» **Instructions for the task**: Leave out the pictures and repeat the entries below verbatim.

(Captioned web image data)
________________________
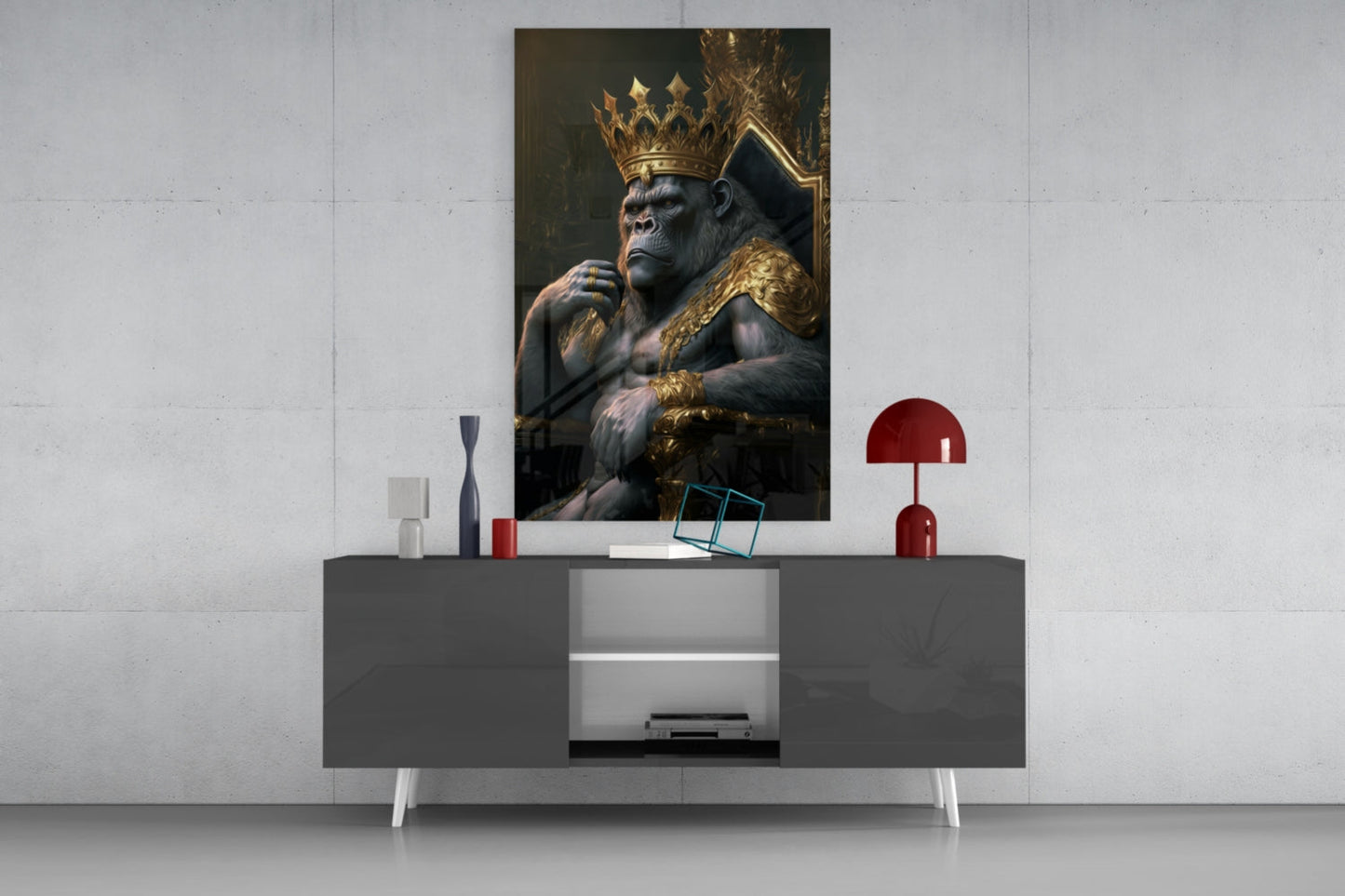 Ape King in Throne Glass Wall Art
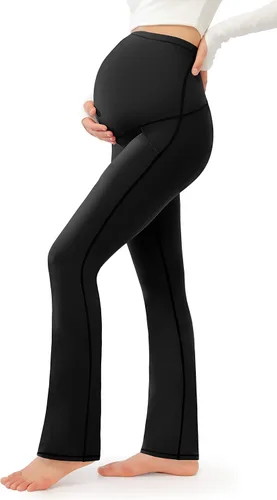 Miniatura 2 de JOYSPELS Pantalones de maternidad para mujer con bolsillos sobre el vientre pantalones de yoga para el trabajo casual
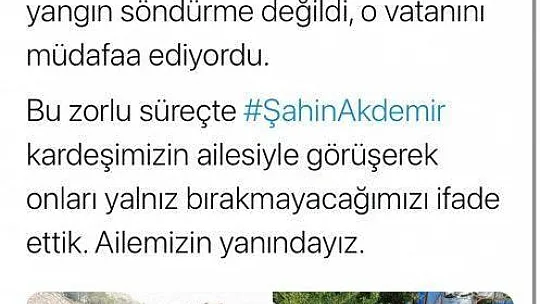 Bakan Yanık'tan, Marmaris yangınında vefat eden Şahin Akdemir'in ailesine başsağlığı telefonu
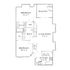 Elegant floor plan showcasing 2 bedrooms, a modern kitchen, open living room, and a cozy balcony.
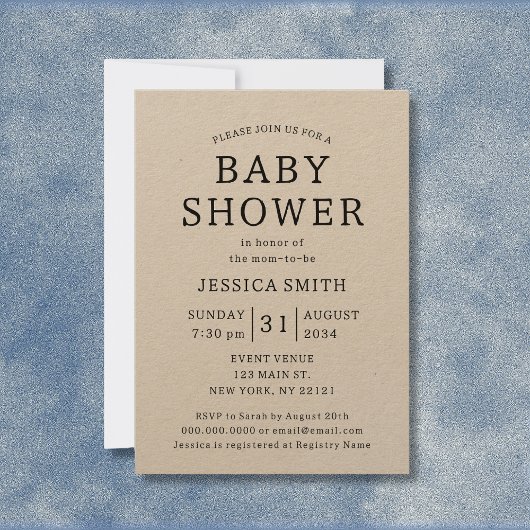 Rustic Simple Gender Neutral Kraft Baby shower Kaart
________________________
» **Finished task**:
 Ape King in Throne Glass Wall Art
 Miniatura 2 de JOYSPELS Pantalones de maternidad para mujer con bolsillos sobre el vientre pantalones de yoga para el trabajo casual
 Bakan Yanık'tan, Marmaris yangınında vefat eden Şahin Akdemir'in ailesine başsağlığı telefonu
 Elegant floor plan showcasing 2 bedrooms, a modern kitchen, open living room, and a cozy balcony.
 Rustic Simple Gender Neutral Kraft Baby shower Kaart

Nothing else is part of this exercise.